Wednesday, May 09, 2012

(Since I started these Onconversations, about a year ago–with the recurrence of malignant nodules in what remained of my left lung after a lobectomy in 2008 for a 2.5 cm. adenocarcinoma–this site has gotten as many as a hundred and as few as zero clicks a day, according to Google Analytics.  Even a hundred is nanochicken-feed, I realize, so those of you who do stop by here for a few minutes every now and then, thank you, and please share the destination with others who might find it interesting or amusing and maybe even worthwhile. It’s by no means just a matter of raising Google-search numbers and seeing if there’s enough traction here to consider a book project for myself. Though it is partly those things, I confess.  It’s also a matter of being in touch with and creating a community of cancer patients, physicians, and those close to them who have some philosophy about and perspective on the illness–something beyond the usual [though useful and helpful] medical sites, professional and patient-generated. I’ve found that every instance of others’ intelligence, insight, humor, and candor about cancer has proved to be tonic in itself–and, paradoxically and most important, has proven antidotal to obsessing about it.

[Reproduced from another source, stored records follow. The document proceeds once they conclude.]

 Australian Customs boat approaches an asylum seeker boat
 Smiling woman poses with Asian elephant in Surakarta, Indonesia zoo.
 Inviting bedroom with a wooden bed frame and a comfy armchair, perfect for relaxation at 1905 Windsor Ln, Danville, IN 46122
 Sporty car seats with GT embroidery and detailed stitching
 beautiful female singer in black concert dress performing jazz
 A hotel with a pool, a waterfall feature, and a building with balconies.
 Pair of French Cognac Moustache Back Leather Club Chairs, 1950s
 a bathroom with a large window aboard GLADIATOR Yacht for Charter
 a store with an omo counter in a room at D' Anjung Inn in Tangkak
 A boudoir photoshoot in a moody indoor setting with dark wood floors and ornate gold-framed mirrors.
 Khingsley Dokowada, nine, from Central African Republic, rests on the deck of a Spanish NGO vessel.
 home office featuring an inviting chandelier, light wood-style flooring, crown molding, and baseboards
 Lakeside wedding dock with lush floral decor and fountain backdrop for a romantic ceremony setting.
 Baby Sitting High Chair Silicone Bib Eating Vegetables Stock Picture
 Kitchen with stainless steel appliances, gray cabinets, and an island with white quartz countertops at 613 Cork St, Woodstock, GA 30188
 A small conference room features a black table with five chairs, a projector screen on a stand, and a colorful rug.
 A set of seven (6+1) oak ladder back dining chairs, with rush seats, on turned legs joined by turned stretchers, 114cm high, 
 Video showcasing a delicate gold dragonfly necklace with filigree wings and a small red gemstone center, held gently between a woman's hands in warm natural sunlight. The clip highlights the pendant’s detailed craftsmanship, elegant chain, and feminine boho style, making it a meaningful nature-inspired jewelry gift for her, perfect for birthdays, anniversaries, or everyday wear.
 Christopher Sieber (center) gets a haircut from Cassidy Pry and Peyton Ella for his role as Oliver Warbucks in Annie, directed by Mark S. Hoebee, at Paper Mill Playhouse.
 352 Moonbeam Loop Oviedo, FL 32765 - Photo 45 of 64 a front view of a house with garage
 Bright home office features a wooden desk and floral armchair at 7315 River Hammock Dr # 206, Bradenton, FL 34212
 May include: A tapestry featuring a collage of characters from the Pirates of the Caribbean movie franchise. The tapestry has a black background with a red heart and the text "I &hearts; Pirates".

Small as the site’s visitor numbers may be, you-all have landed here from just about everywhere–Japan, Ukraine, Bangladesh, Finland, Brazil, Singapore, Croatia, India, Argentina, Canada, Germany, Malaysia, Norway, Pakistan, Mexico, Belgium, Brazil, Georgia, England, Papua-New Guinea, France, Colombia, Greece. Not Italy yet, as I recall. What’s up with that?  This is thrilling to me, not just out of self-regard but because it gives evidence of what kind of potential good–or at least pleasure and interest–a global globe can provide, even about cancer.

Anyway, I meet a friend and fellow-patient on the street very near my apartment. He has on a black jacket and his left arm is close to his side, his left hand in his pocket.)

ME: So, I take it you’ve had the surgery. (It was, as I recall, surgery for a recurrent tumor that would paralyze his arm.)
FRIEND: Yes. (He nods toward the arm). It’s now just decorative, I’m afraid.
ME:  You can’t use it at all?
FRIEND: Nope. Useless.
ME: Well, I’m sorry. But on the other hand–
FRIEND: Watch it!–
ME: It wasn’t deliberate, I swear. On the other hand, you’re well now.
FRIEND: From your lips to God’s evidently pretty deaf ear.
ME: You look well, anyway.
FRIEND: Thanks, but that’s about one-twentieth the battle, don’t you think?
ME: It depends on how vain you are, I guess.
FRIEND: And you?
ME: Finished radiation treatments–very fancy and futuristic–three months ago, and the last CT scan was encouraging.
FRIEND: Oh, yes–encouraging.
ME:  No, really! But I have another scan in July which will be more telling.
FRIEND: Good luck with that.
ME: What are you doing around here, anyway?
FRIEND: I’m taking part in a wall-to-wall Gertrude Stein thing at Symphony Space.
ME: A fellow-cancer patient.
FRIEND: Yes. Not so encouraging.
ME: You know, you are just too quick. You do two-upsmanship better than anyone else I know.
FRIEND: Well, you can find anything you want in Gertrude Stein to bolster whatever you are trying to bolster. In our situation, my favorite would be “Considering how dangerous everything is, nothing is really very frightening.”
ME: Excellent. I’ll keep it in mind as July approaches.
FRIEND: Are you going out to the Southampton conference this summer?
ME: Yes, but I’m not sure what I’ll be doing.
FRIEND: In our situation, getting there will be almost all the fun.